Open maxlund opened this issue 8 months ago • 5 comments

Read img and patch size if supplied in model_config arg.

What is the context for the regex parsing of the repo name, the img/patch size isn't always correct in the config.json file I guess? Anyway this small change makes it possible to load a local model while being offline:

local_model_dir_path = "/Users/maxlund/mlx-models/mlx-siglip-large-384"
model, processor = load(
    path_or_hf_repo=local_model_dir_path,
    model_config={"image_size": 384, "patch_size": 16}
)

FWIW the image and patch size seemed to be correct for both mlx-community/siglip-large-patch16-384 and mlx-community/siglip-so400m-patch14-384 via downloaded config.json in the hf repos

maxlund avatar Apr 05 '25 08:04 maxlund

Hey @maxlund

Thanks for the PR!

The context is that for certain models they don't supply the patch and img size on the config.json, I can only find it in the name.

Besides torch, which I will address today. Are you having trouble with any Siglip model in particular?

Blaizzy avatar Apr 05 '25 08:04 Blaizzy

Hey no problem, messing around with it now and running into some issues. This seems to work fine and gives me embeddings for both text and images. But I want to extract them in separate steps of my pipeline.

from mlx_embeddings.utils import load, generate
import requests
from PIL import Image

# Load vision model and processor
model, processor = load("mlx-community/siglip-large-patch16-384", {"num_classes": 0})

# Load multiple images
image_urls = [
    "./images/cats.jpg",  # cats
    "./images/desktop_setup.png"  # desktop setup
]
images = [Image.open(requests.get(url, stream=True).raw) if url.startswith("http") else Image.open(url) for url in
          image_urls]

# Text descriptions
texts = ["a photo of cats", "a photo of a desktop setup", "a photo of a person"]
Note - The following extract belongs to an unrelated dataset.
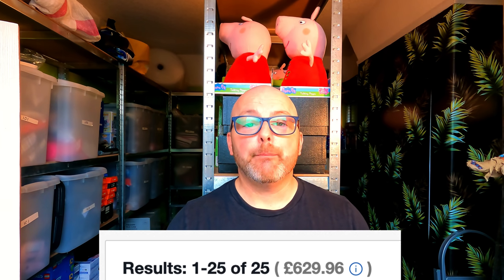Good morning lovely people, welcome back to the channel. I'm Dave Keith, this is ABL Reselling. It's Monday morning, the 6th of September 2021, and today we're going to be picking the orders from the weekend. It's been a mixture of grafting and not being very productive — had a massive fail on Saturday — but the results have been pretty reasonable. This weekend saw a total of 25 orders for a total order value of £629.96. Let's get straight into it.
outputs = generate(model, processor, texts=texts, images=images)

This:

outputs = generate(model, processor, texts=texts, images=None)

gives me:

(<class 'AttributeError'>, AttributeError("'SiglipProcessor' object has no attribute 'batch_encode_plus'"), <traceback object at 0x136cc5f00>)

get_text_features and get_image_features using

inputs_text = processor(text=texts, images=None, padding="max_length", return_tensors="pt")
inputs_imgs = processor(text=None, images=images, return_tensors="pt")
input_ids = mx.array(inputs_text.input_ids)
pixel_values = mx.array(inputs_imgs.pixel_values)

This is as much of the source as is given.